Avant l’obsolescence programmée, le code E18

Le mal de l’électronique grand public est ce qu’on appelle l’obsolescence programmée, une situation qui vise à limiter la durée de vie d’appareils que ce soit volontairement en introduisant la mesure d’une durée d’utilisation, soit en introduisant des failles mécaniques ou soit par simple économie.

code_e18

Source : http://www.ixus-world.de

Aujourd’hui, les gouvernements tentent de légiférer mais faute de contrôle et de condamnation, les fabricants de biens de consommation continuent à produire des appareils qui ne peuvent être réparés ou pour lesquels cette réparation est anormalement élevée.

Aux débuts de la photographie numérique, les appareils se montraient plutôt fiables ou au pire réparables à défaut d’être vraiment performants. C’est alors qu’est apparu chez Canon, le code E18, un message d’alerte rêvé pour le constructeur qui lui permis d’exclure toute possibilité de réparation à ses frais.
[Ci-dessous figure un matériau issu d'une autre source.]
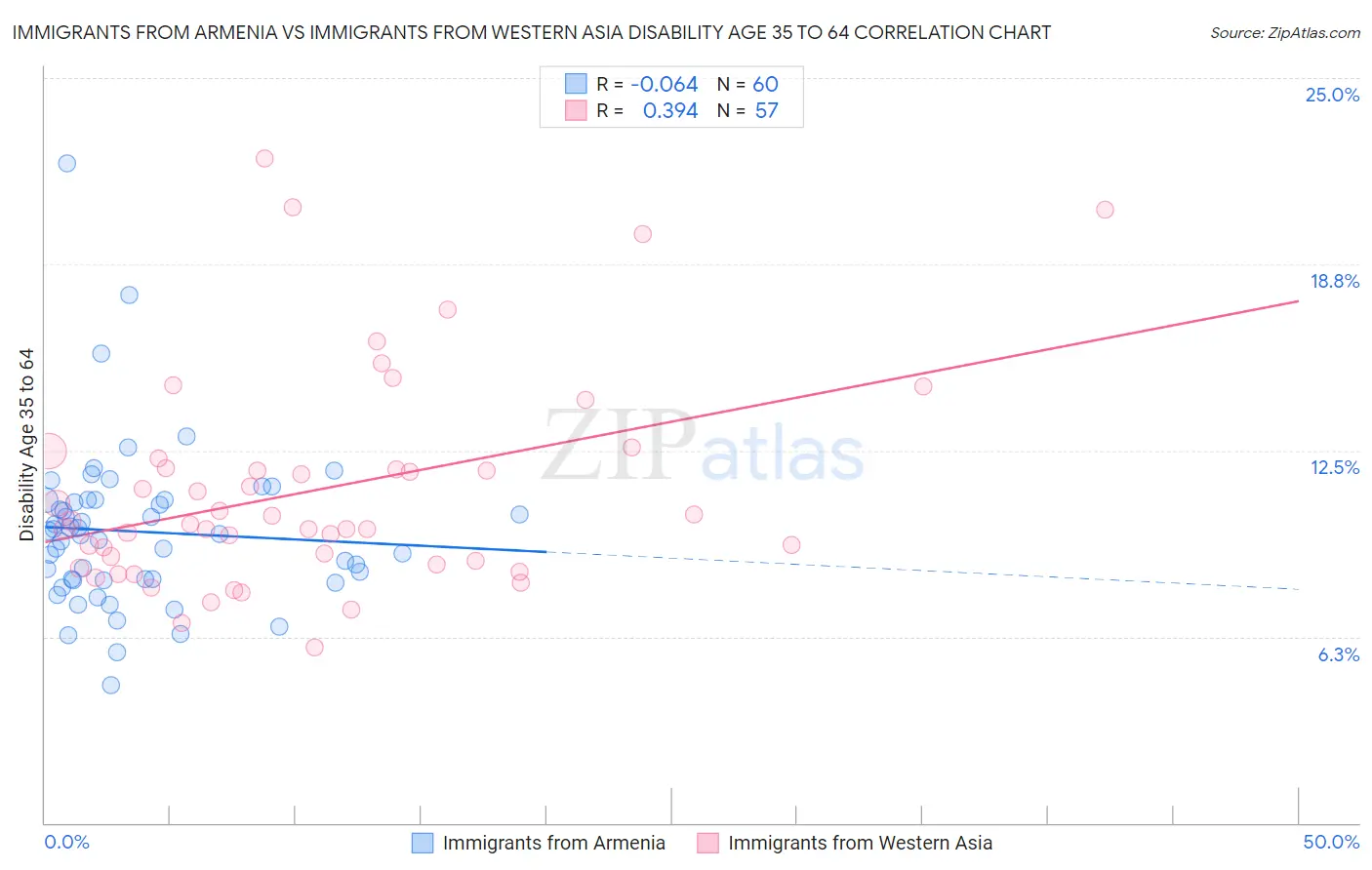 Immigrants from Armenia vs Immigrants from Western Asia Disability Age 35 to 64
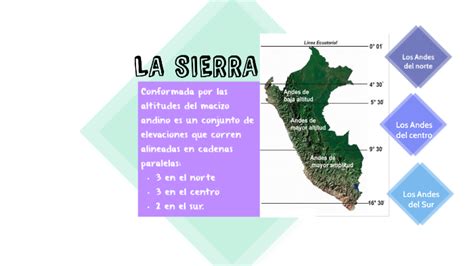 Geomorfologia De La Sierra Peruana By Álvaro Quispe Rodil On Prezi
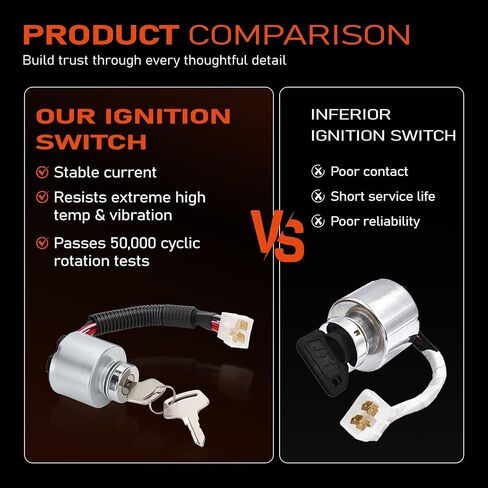 66101-55200 Ignition Switch with Keys for Kubota ZD18 ZD21 ZD25F ZD28 BX1500D BX1800D BX1830D BX2200D BX2230D BX22D BX23D TG1860 G2160 G1800 G1900 Replacement 66101-55210 6610155210 K2134-62100 in Saudi Arabia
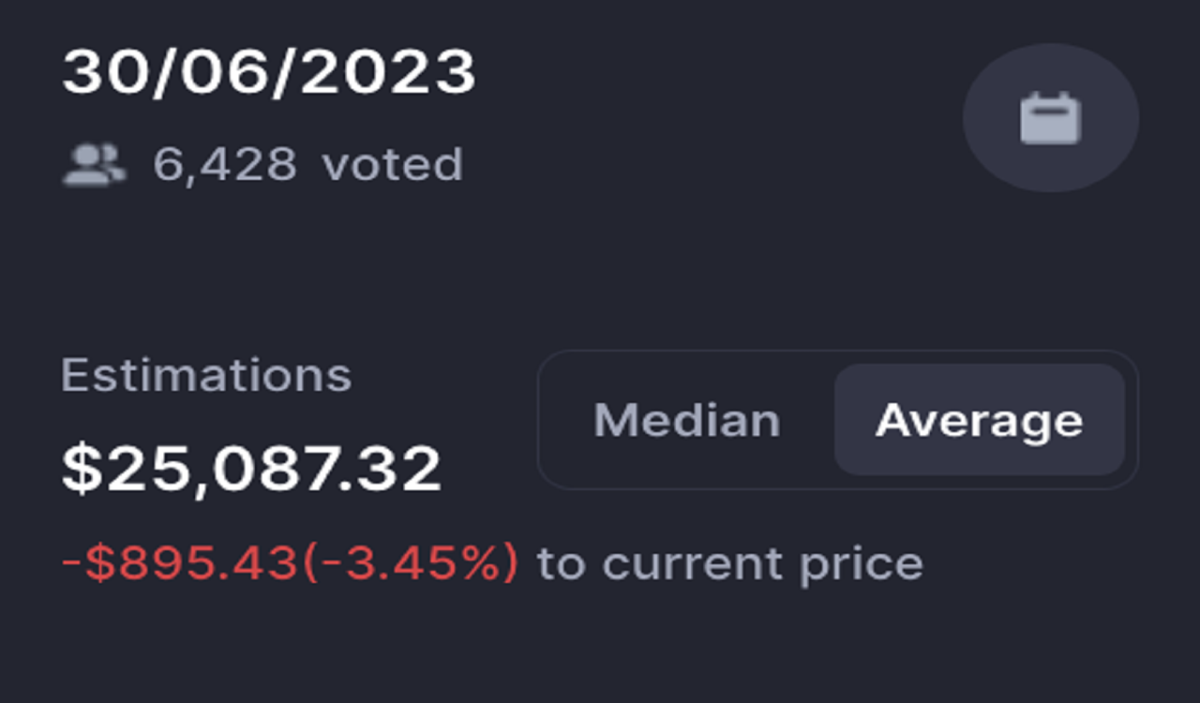 BTC Piyasası: MATIC, BTC ve ETH: Haziran Sonunda Bu Seviyelerdeyiz! 5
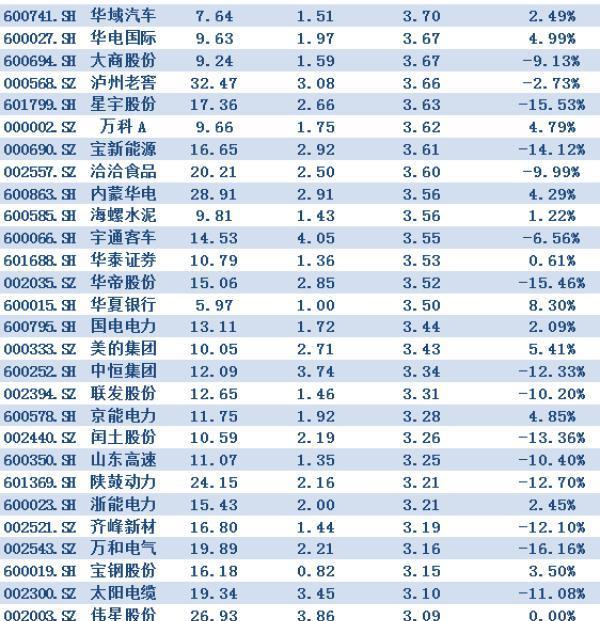 2015年最新股息率排名表一览_博客(dcblog)股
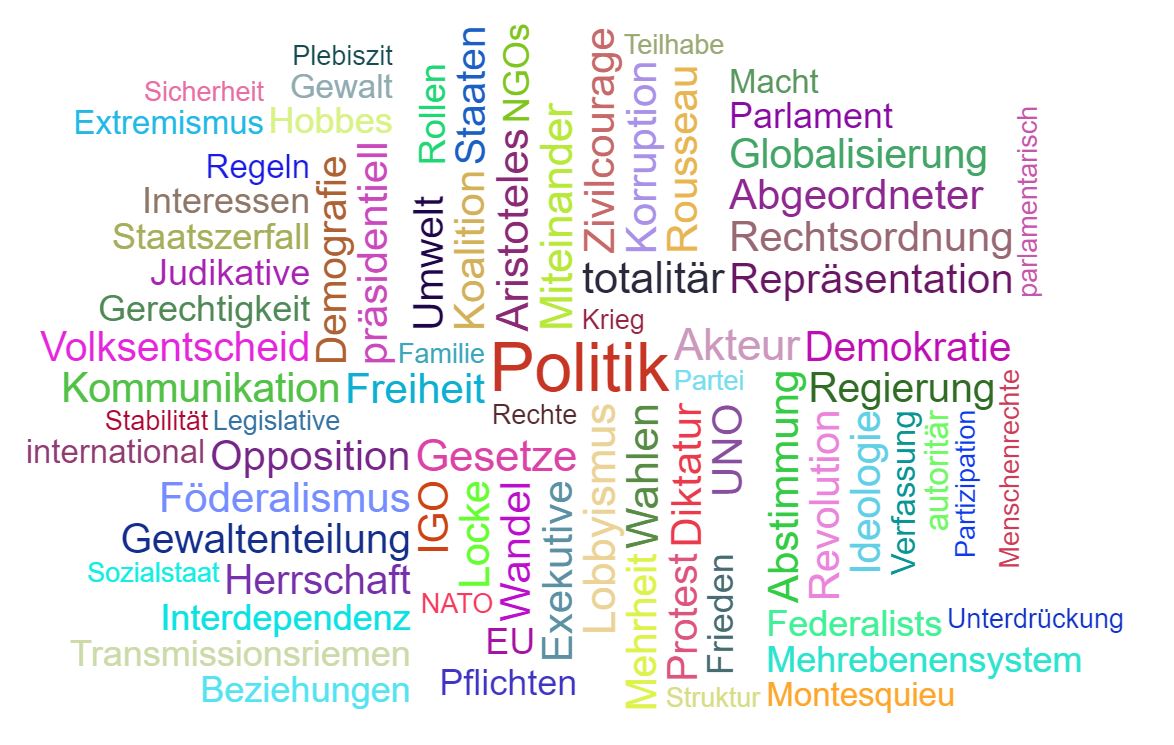 WordCloud Politik Wordcloud.JPG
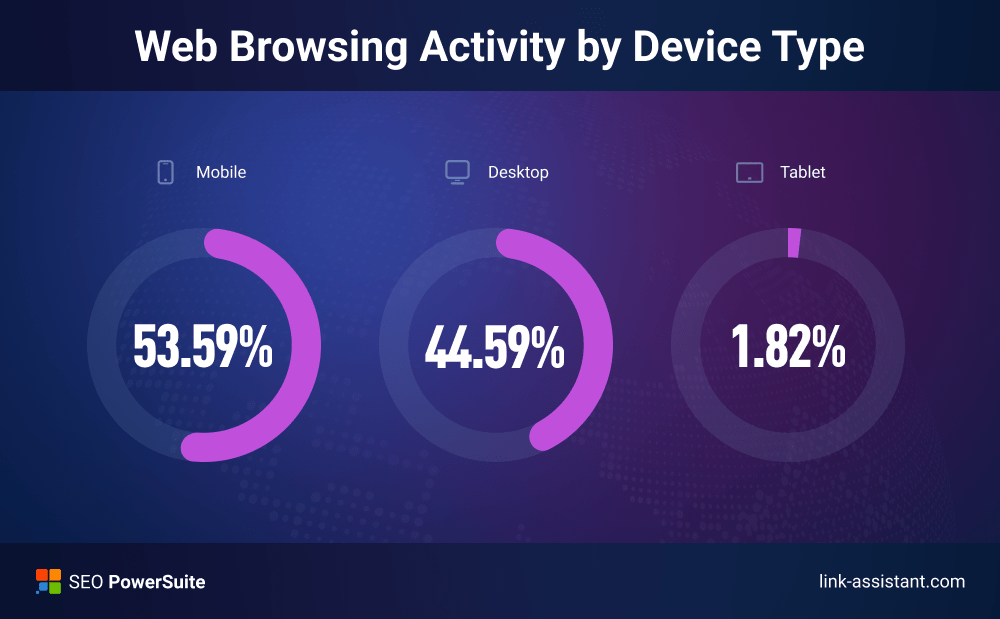 Web browsing activity by device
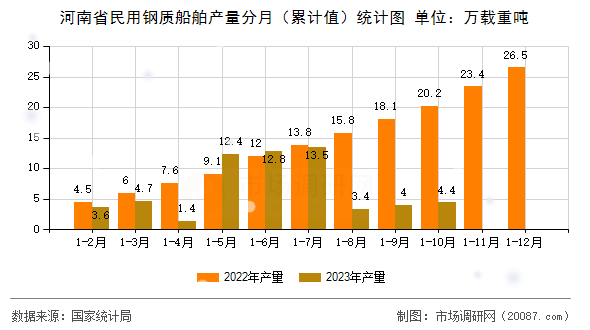 河南省民用钢质船舶产量分月(累计值)统计图 河南省民用钢质船舶产量分月(累计值)统计图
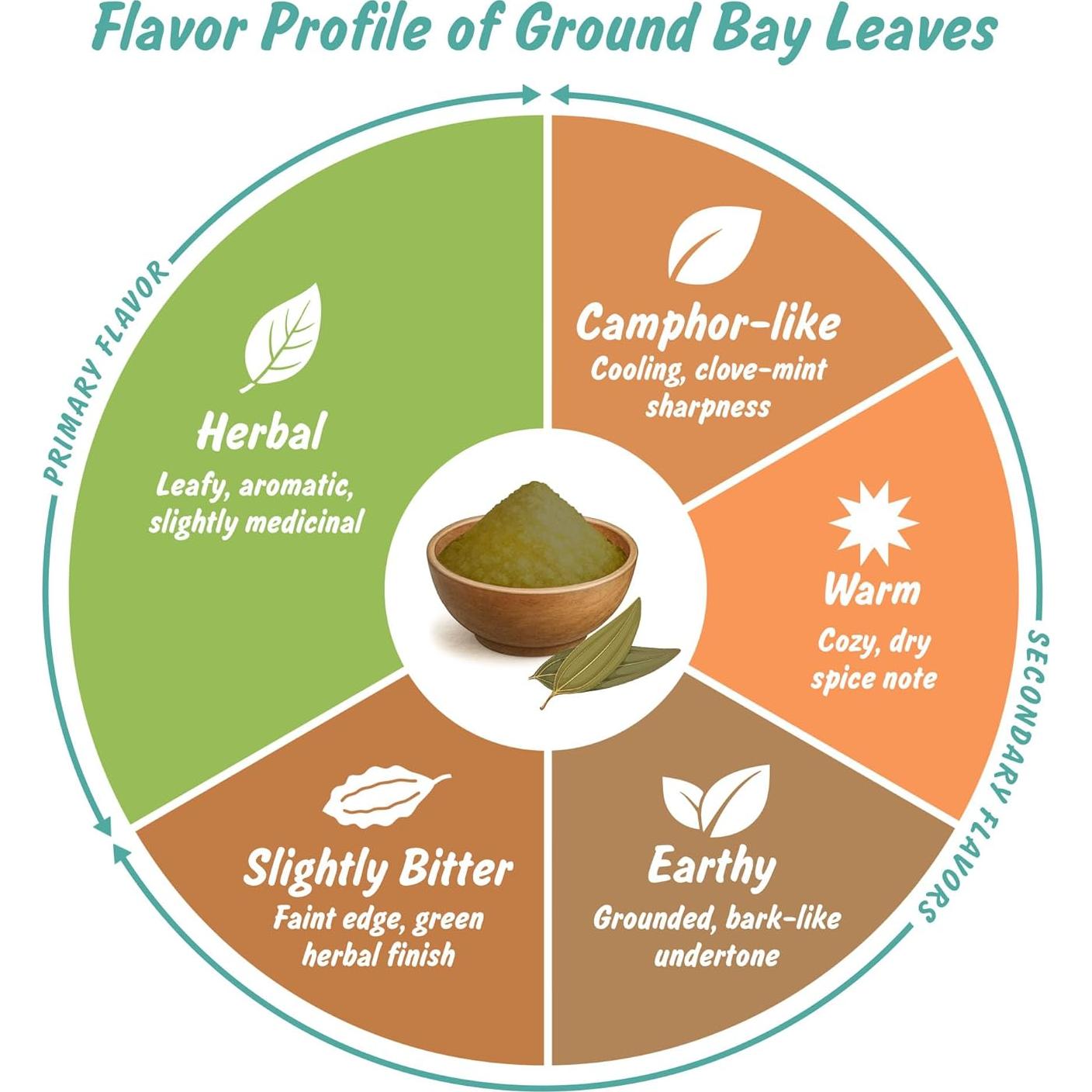 Hoja de Laurel Molida Orgánica USDA 113.4g - Spice Profile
Ce code est devenu pour un grand nombre de constructeurs le sésame qui va obliger les utilisateurs à changer d’appareil.

Chez Canon, ces défauts sont surtout apparu avec l’introduction des gammes très grand public A/Ixus, équipées de zoom extensible (A20…, A60/70 et suivants,…) même si certains « G », le haut de gamme, furent touchés. L’introduction involontaire de poussière ou de sable dans l’objectif le condamnait à ne plus fonctionner et ça le fabricant avait bien compris que ces défauts de conception, ce serait bien au consommateur de le payer.

Le code E18, pour lequel il existe des dizaines de procédures pour le réparer, réservés à quelques passionnés méticuleux (même si cela ne résout pas tous les cas) était une première étape pour condamner dans le temps nombre d’appareils, une forme d’obsolescence nécessaire à un constructeur dont la seule stratégie est de vendre, de vendre plus que ses concurrents.  Les appareils des séries A (A60, A70, A80, etc..), des séries S/SX (S30, S40, SX100, etc…) et quelques séries G furent donc condamné à une inaction forcée face à des devis de réparation astronomiques à cause d’un défaut que les utilisateurs ne pouvaient maitriser. En aucun cas dans le manuel on pouvait lire : « l’objectif est sensible à la poussière présente dans l’air, utilisez le uniquement dans une chambre stérile ».

Avant une obsolescence industrialisée, Canon avait initié un mouvement où les utilisateurs devraient coûte que coûte acheter, plus souvent, leur matériel.

Aujourd’hui, il suffit de parcourir les sites de petites annonce pour se rendre compte du nombre d’appareils de plus de quinze ans encore totalement fonctionnels et pour constater tous ceux condamnés au pilori tout simplement parce que le fabricant de proposait pas les pièces de rechange ou tout simplement avait mal conçu son produit. Le Code E18, signale avant tout un problème mécanique qu’il s’agisse d’une casse ou d’un blocage « temporaire » d’une pièce mécanique. Il s’agit pourtant d’une des rares réparations qui reste possible soit en récupérant l’épave d’un autre appareil soit tout simplement au terme d’un démontage à nettoyer les pièces mobiles. Cette opération n’est pas donnée à tout le monde, mais un passionné méticuleux peut y arriver.